北京は、マニラや他の東南アジアの領有権主張者が、紛争を平和的に管理するために対処しなければならない正当な不満を持っていることを認める準備ができていない。北京は、他の国家は自国の主権と権利にあまりコミットしておらず、アメリカの干渉のためだけに中国に反抗し、持続的な圧力の前に最終的には屈服するだろうと考えているようだ。第二トーマス諸島で何度も同じような強圧的な駆け引きを繰り返しても、フィリピンの政策が変わるとは思えない。

中国の地域外交政策におけるこの強引な側面の背景には、2つの原動力がある。中国が長年抱いてきた地域の序列観では、アジアの序列において小国は歴史的にも必然的にも北京に従属する。中国との伝統的な属国関係の長い遺産や、この地域における中国の文化、言語、経済力の歴史的な優位は、中国の意思決定者の心の中にまだ残っている。

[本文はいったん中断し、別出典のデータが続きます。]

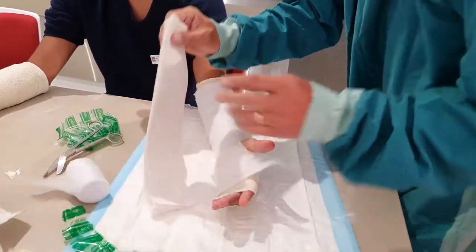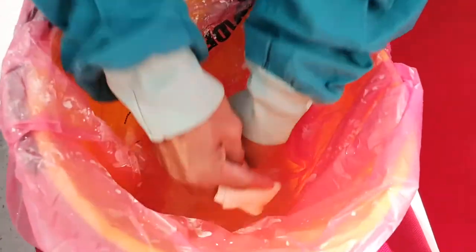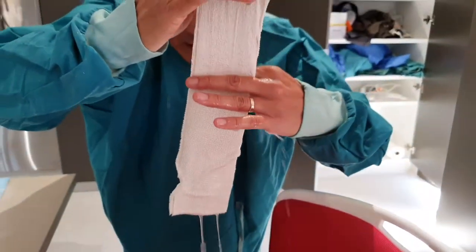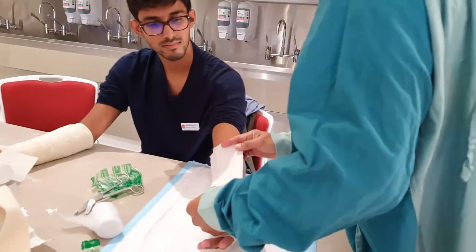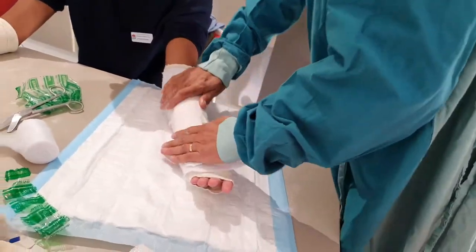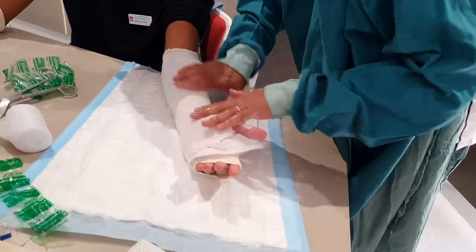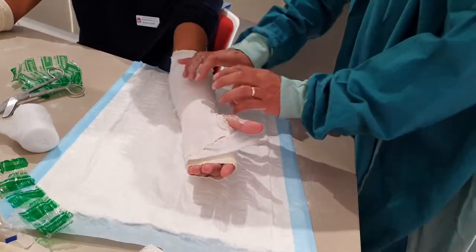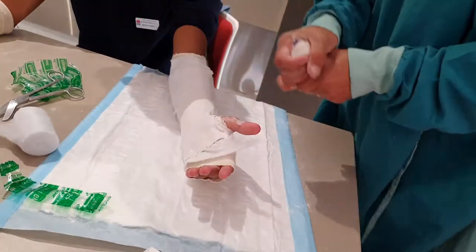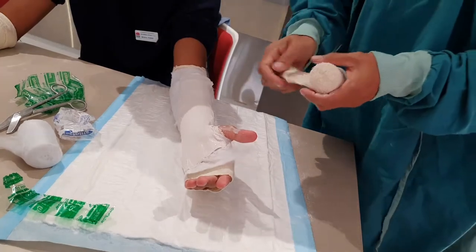I don't want him doing this, so I'll probably add a little bit more plaster there. Warm water — I like to hold my plaster like this, submerge it in the water, take off the excess, and then just put the plaster down. I don't mind it being a little wet because it molds in with the rest of the material.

中国の指導者たちはまた、米国を長期的な封じ込め戦略の立役者であり、中国の地域的影響力を弱体化させ、最悪は中国共産党の崩壊をもたらそうとしていると純粋に考えている。この見方は、1949年の中華人民共和国建国直後から続くもので、現在では北京の対外環境に関する考え方の多くを彩っている。中国の習近平国家主席が3月に述べたように、「米国に率いられた西側諸国は中国を全面的に封じ込め、包囲し、抑圧してきた。」

近隣諸国の懸念や不満を正当なものとして扱おうとしない北京の姿勢は、今や対外関係管理における最も顕著な課題のひとつとなっている。米政府高官も内心認めているように、バイデン政権がオーストラリアからインド、フィリピンまで、この地域の国々との関係強化を進めてきたのは、外交手腕というよりも中国の横暴によるものだ。北京が軌道修正し、地域の関係者を刺激者ではなくパートナーとして扱うようになれば、米国のインド太平洋戦略はこれまでで最大の難題に直面することになるかもしれない。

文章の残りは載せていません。